» Provided records:
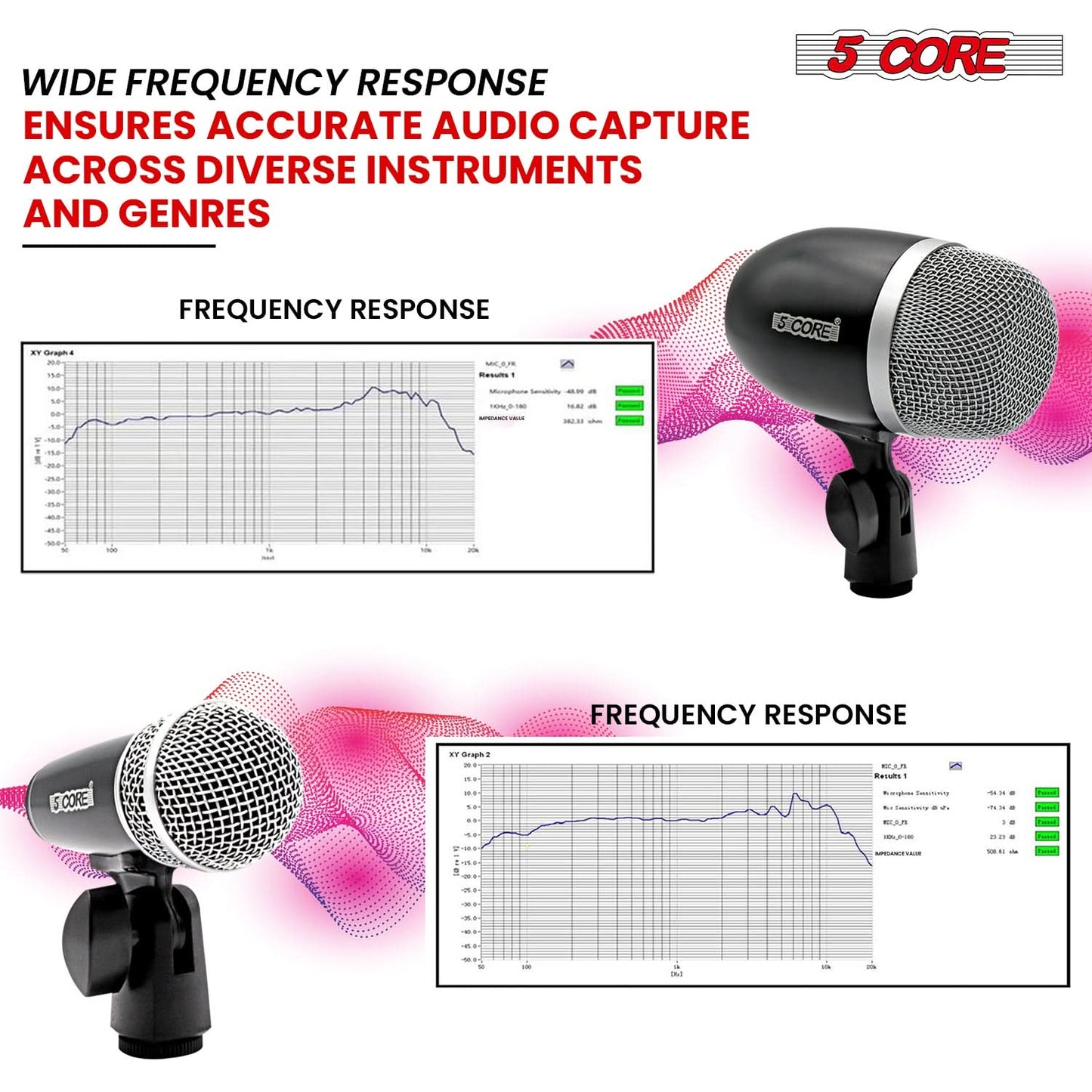 5Core Drum Microphone Kit - Professional Condenser XLR | Conga & Snare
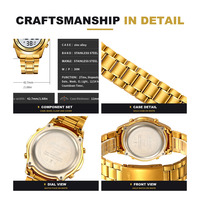 Nouvelle montre numérique pour homme Skmei 2701 ronde de haute qualité, étanche, bracelet en acier inoxydable, multifonction, chronographe, montre de sport au poignet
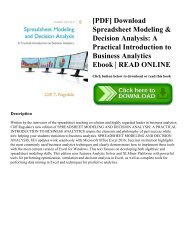 [PDF] Download Spreadsheet Modeling & Decision Analysis: A Practical Introduction to Business Analytics Ebook | READ ONLINE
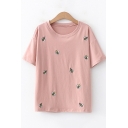 Academic Style Allover Bee Embroidered Round Neck Short Sleeve Cotton T-Shirt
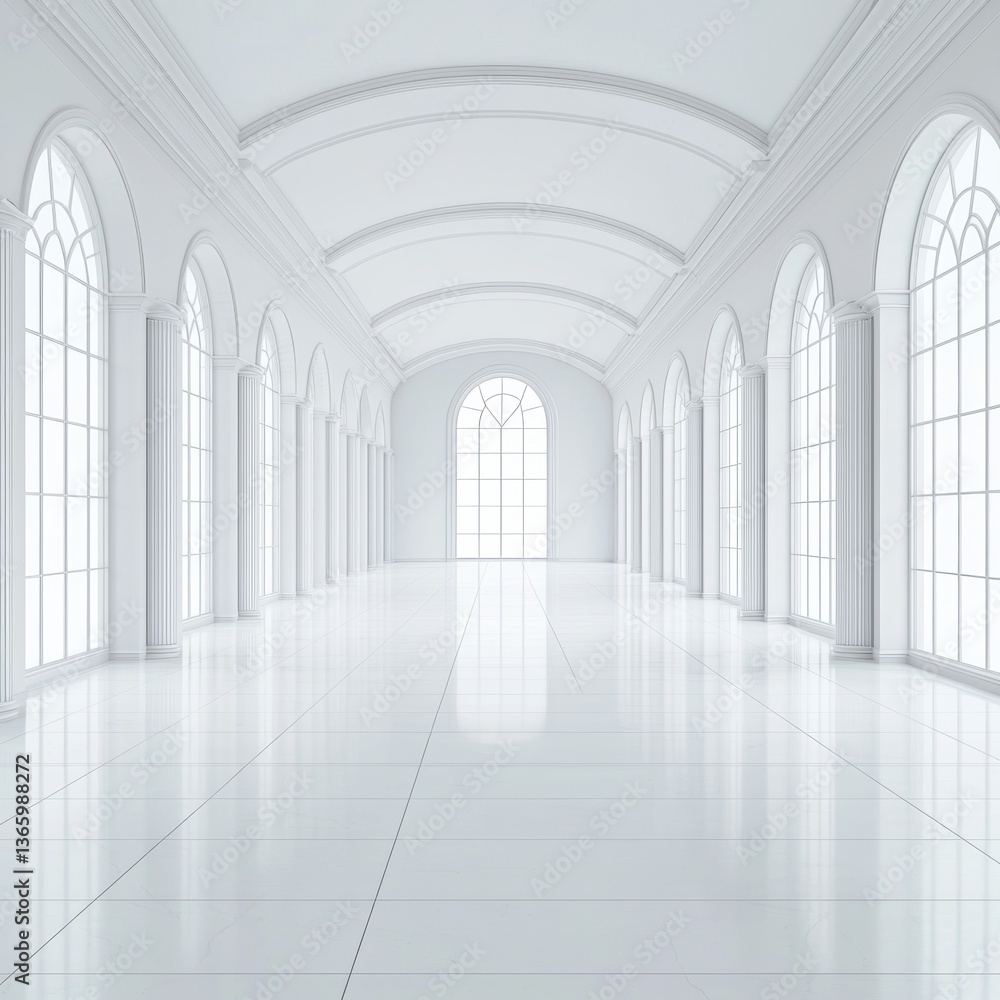 A spacious, minimalist interior featuring large arched windows and polished white floors, creating a bright and airy atmosphere. A spacious, minimalist interior featuring large arched windows and polished white floors, creating a bright and airy atmosphere.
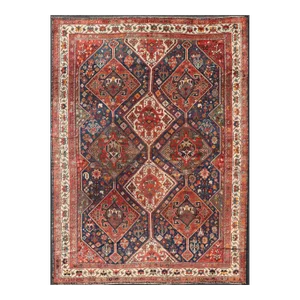 Early 20th Century Antique Persian Shiraz Rug With Diamond Medallions in Navy Blue, Red, Green & Ivory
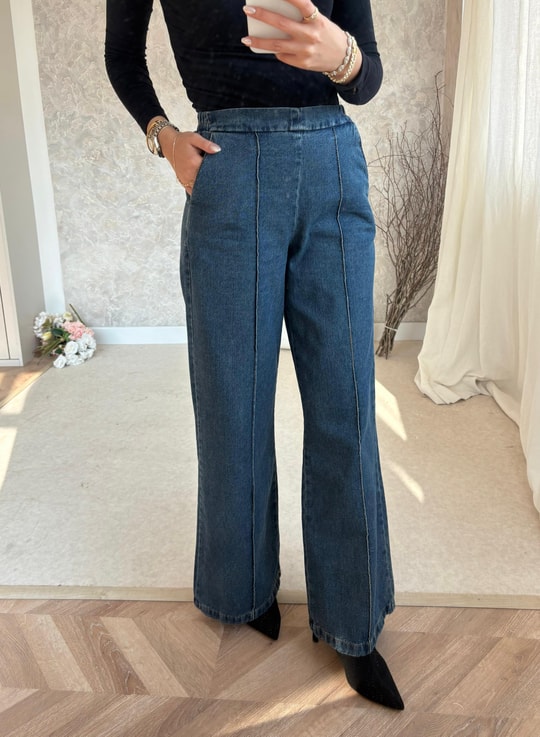 PNT-018H&R ButikÖn Çizgi Detaylı Kot Pantolon Açık Mavi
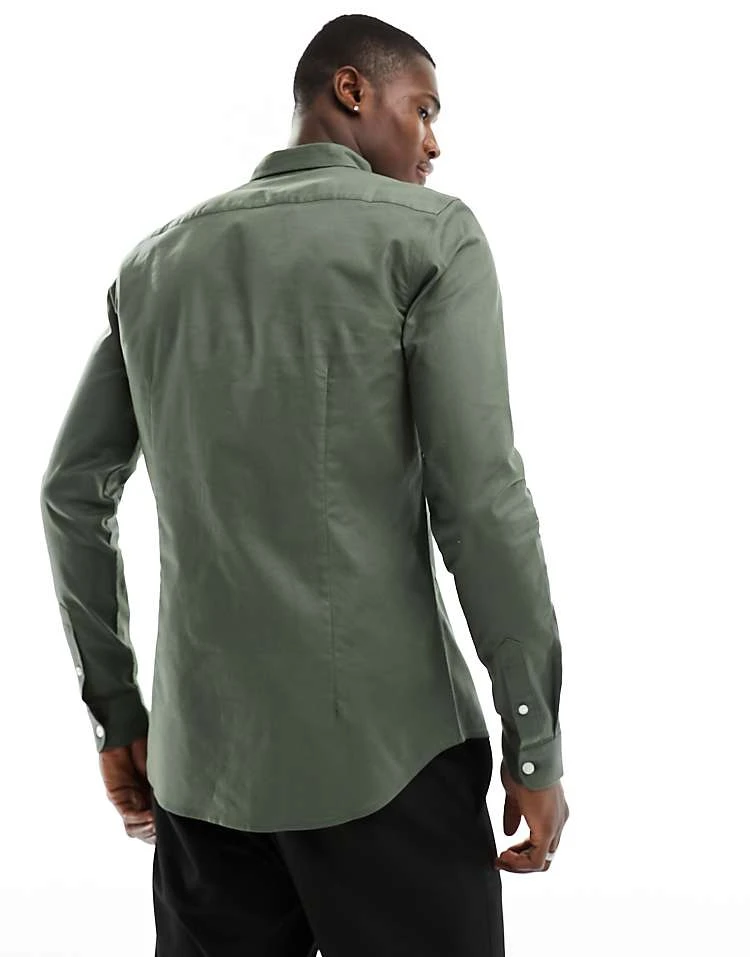 New Look Long Sleeve Muscle Fit Shirt In Khaki For Men 3 New Look Long Sleeve Muscle Fit Shirt In Khaki For Men - Image 3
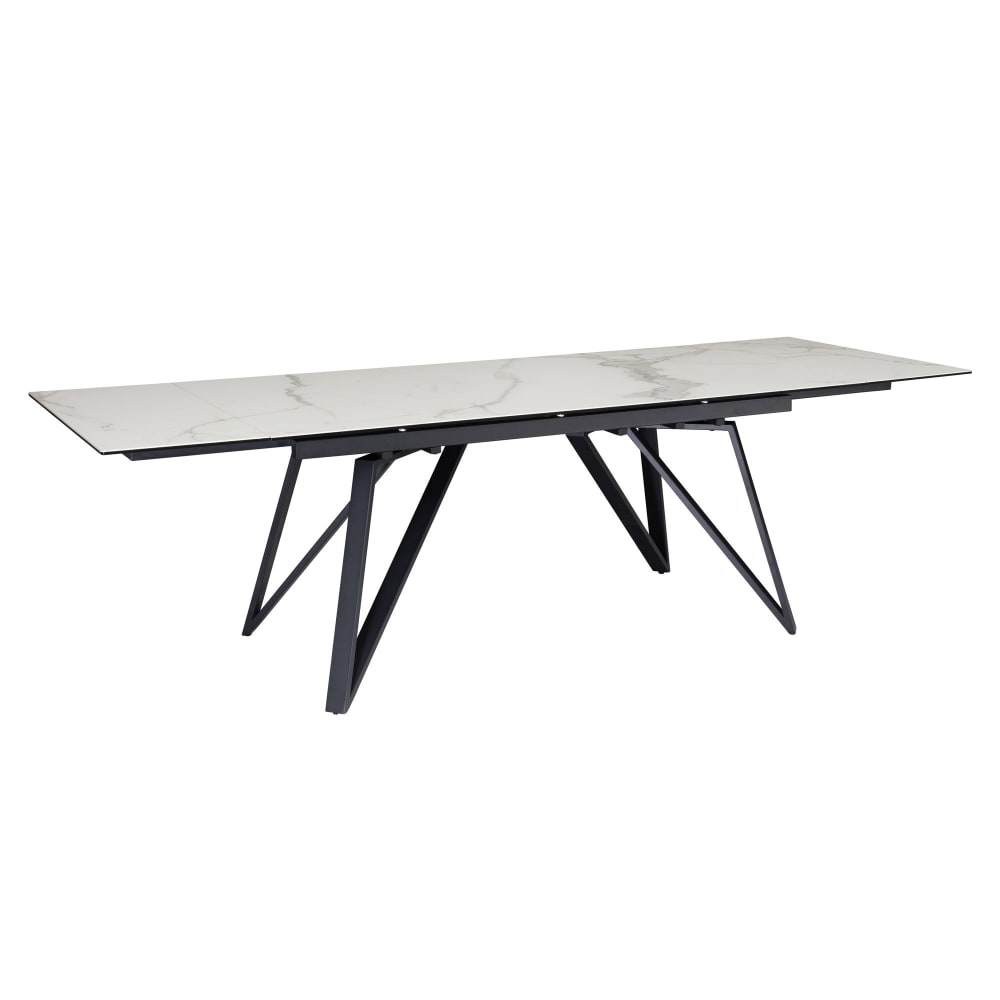 Table à manger extensible 180-260 cm en céramique, blanc Table à manger extensible 180-260 cm en céramique, blanc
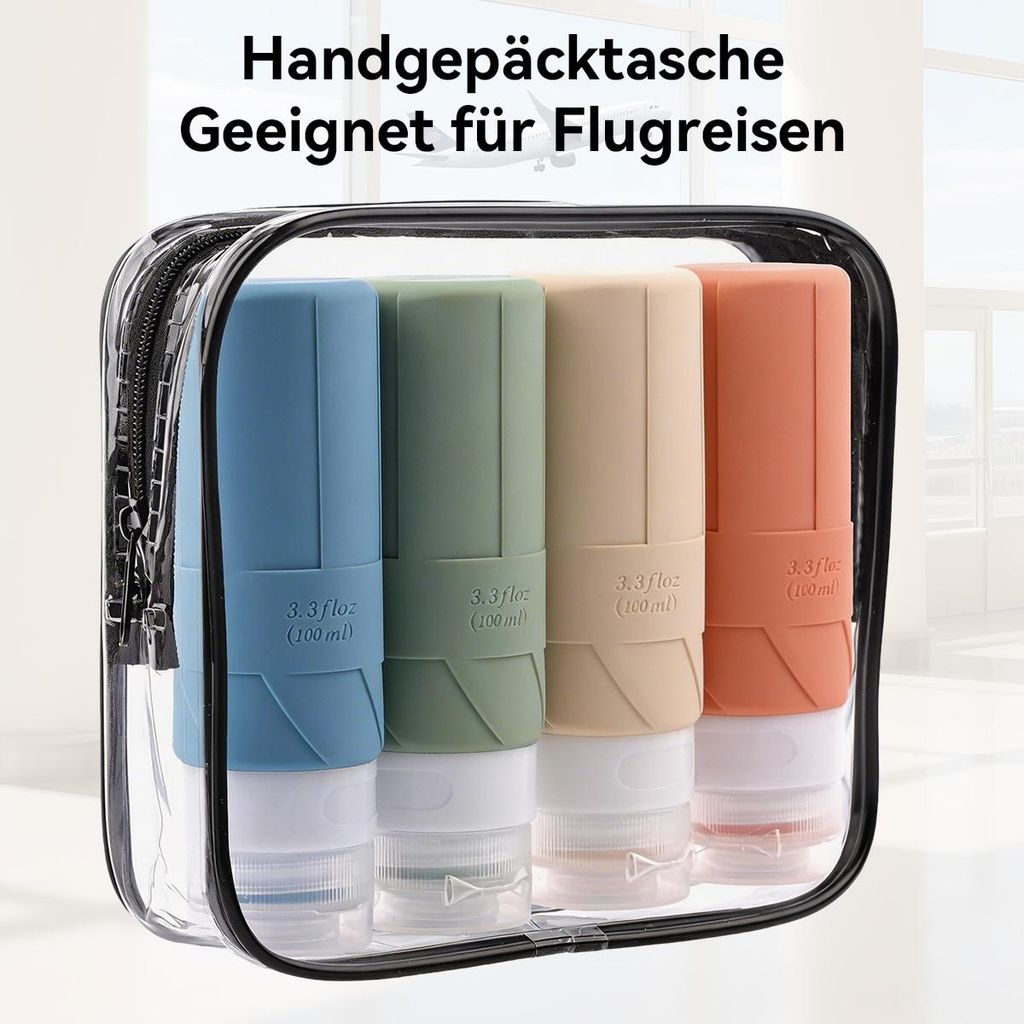 Reiseflaschen Set Silikon 4x100ml, auslaufsichere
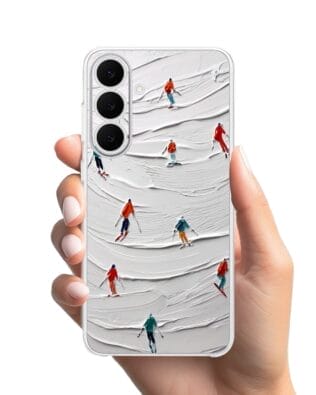 Etui do Samsung Galaxy S25 FE przeźroczyste, silikonowe Flexi, Zimowa magia, Narciarski obraz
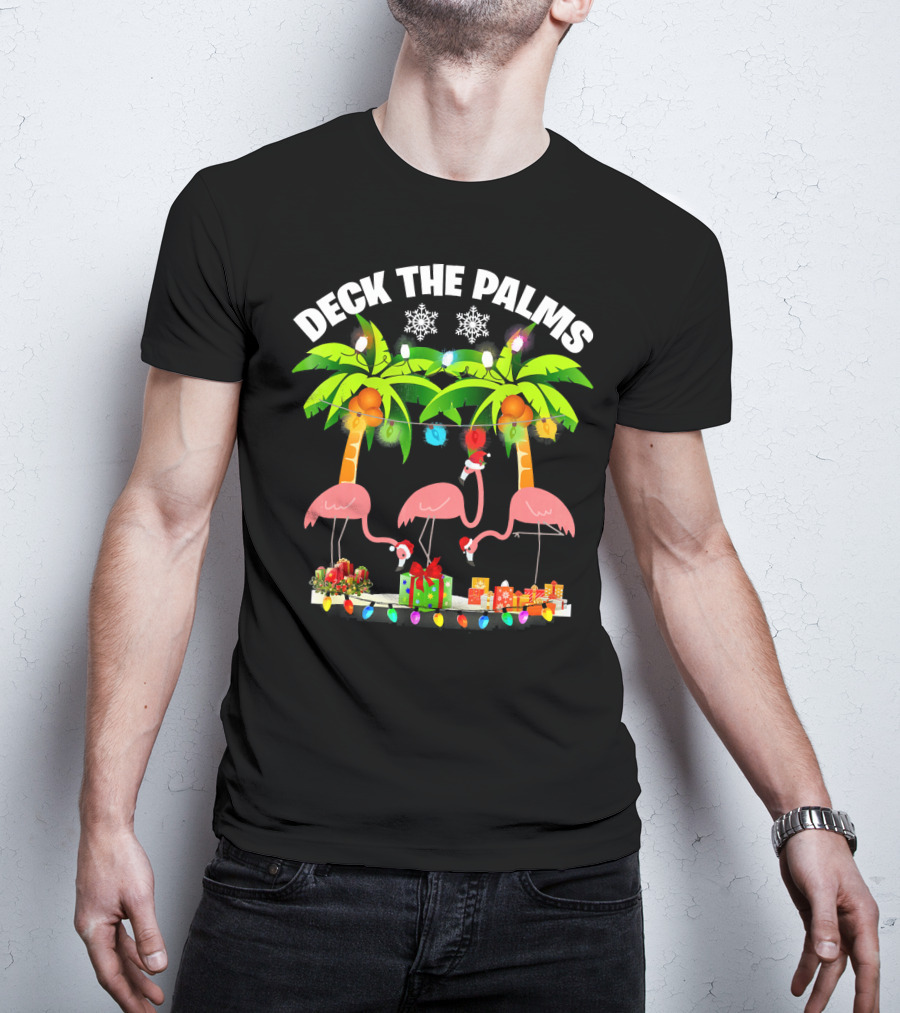 Deck The Palms Flamingo Christmas Lights And Gifts T-Shirt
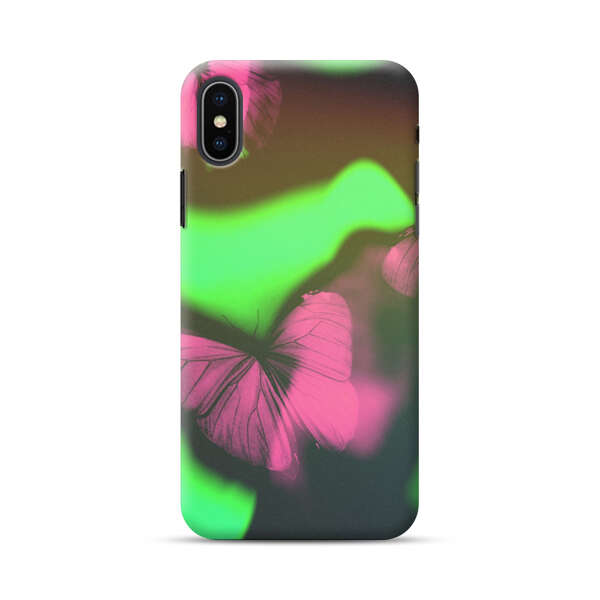 Pink Butterflies Green Background iPhone XS Max Hard Case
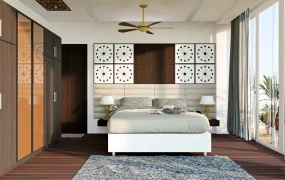 Asian Bedroom With Balcony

» Your assignment:
In your copy, restate the data above word for word but leave out any picture.

» Answer space:
 5Core Drum Microphone Kit - Professional Condenser XLR | Conga & Snare
 Nouvelle montre numérique pour homme Skmei 2701 ronde de haute qualité, étanche, bracelet en acier inoxydable, multifonction, chronographe, montre de sport au poignet
 [PDF] Download Spreadsheet Modeling & Decision Analysis: A Practical Introduction to Business Analytics Ebook | READ ONLINE
 Academic Style Allover Bee Embroidered Round Neck Short Sleeve Cotton T-Shirt
 A spacious, minimalist interior featuring large arched windows and polished white floors, creating a bright and airy atmosphere. A spacious, minimalist interior featuring large arched windows and polished white floors, creating a bright and airy atmosphere.
 Early 20th Century Antique Persian Shiraz Rug With Diamond Medallions in Navy Blue, Red, Green & Ivory
 PNT-018H&R ButikÖn Çizgi Detaylı Kot Pantolon Açık Mavi
 New Look Long Sleeve Muscle Fit Shirt In Khaki For Men 3 New Look Long Sleeve Muscle Fit Shirt In Khaki For Men - Image 3
 Table à manger extensible 180-260 cm en céramique, blanc Table à manger extensible 180-260 cm en céramique, blanc
 Reiseflaschen Set Silikon 4x100ml, auslaufsichere
 Etui do Samsung Galaxy S25 FE przeźroczyste, silikonowe Flexi, Zimowa magia, Narciarski obraz
 Deck The Palms Flamingo Christmas Lights And Gifts T-Shirt
 Pink Butterflies Green Background iPhone XS Max Hard Case
 Asian Bedroom With Balcony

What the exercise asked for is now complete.